#### TO DO
In the listing below, the lines from the first through the one with "1st image of 605 Schneider Ave" are to be copied word for word.

#### RECORD SET

+++

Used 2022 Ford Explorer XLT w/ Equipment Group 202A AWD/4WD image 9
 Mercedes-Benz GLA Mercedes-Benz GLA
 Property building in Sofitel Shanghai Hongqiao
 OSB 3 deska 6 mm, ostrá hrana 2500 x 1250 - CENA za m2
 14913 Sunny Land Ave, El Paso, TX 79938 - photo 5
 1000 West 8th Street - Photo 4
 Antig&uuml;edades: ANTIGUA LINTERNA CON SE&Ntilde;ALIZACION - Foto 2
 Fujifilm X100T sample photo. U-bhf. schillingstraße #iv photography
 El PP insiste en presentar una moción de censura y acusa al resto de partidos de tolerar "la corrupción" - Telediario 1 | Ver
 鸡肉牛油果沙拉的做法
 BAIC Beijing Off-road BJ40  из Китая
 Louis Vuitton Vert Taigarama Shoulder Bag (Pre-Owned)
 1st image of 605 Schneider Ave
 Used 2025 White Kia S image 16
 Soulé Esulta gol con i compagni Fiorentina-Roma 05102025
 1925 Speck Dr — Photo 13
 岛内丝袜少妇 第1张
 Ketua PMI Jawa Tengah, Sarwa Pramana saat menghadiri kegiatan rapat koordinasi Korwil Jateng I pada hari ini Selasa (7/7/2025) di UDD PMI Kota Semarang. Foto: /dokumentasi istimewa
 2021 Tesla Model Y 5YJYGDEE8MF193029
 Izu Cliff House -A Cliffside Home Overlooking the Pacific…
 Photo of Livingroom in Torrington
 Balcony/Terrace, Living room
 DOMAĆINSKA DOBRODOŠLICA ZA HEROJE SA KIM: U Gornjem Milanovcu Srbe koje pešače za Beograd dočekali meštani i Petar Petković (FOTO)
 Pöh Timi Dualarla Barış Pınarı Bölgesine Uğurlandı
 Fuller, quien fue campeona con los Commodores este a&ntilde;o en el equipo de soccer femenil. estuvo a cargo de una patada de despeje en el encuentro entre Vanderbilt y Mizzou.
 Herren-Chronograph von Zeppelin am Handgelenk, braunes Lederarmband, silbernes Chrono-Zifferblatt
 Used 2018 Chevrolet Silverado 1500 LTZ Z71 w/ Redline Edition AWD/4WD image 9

+++

#### RESPONSE
Used 2022 Ford Explorer XLT w/ Equipment Group 202A AWD/4WD image 9
 Mercedes-Benz GLA Mercedes-Benz GLA
 Property building in Sofitel Shanghai Hongqiao
 OSB 3 deska 6 mm, ostrá hrana 2500 x 1250 - CENA za m2
 14913 Sunny Land Ave, El Paso, TX 79938 - photo 5
 1000 West 8th Street - Photo 4
 Antig&uuml;edades: ANTIGUA LINTERNA CON SE&Ntilde;ALIZACION - Foto 2
 Fujifilm X100T sample photo. U-bhf. schillingstraße #iv photography
 El PP insiste en presentar una moción de censura y acusa al resto de partidos de tolerar "la corrupción" - Telediario 1 | Ver
 鸡肉牛油果沙拉的做法
 BAIC Beijing Off-road BJ40  из Китая
 Louis Vuitton Vert Taigarama Shoulder Bag (Pre-Owned)
 1st image of 605 Schneider Ave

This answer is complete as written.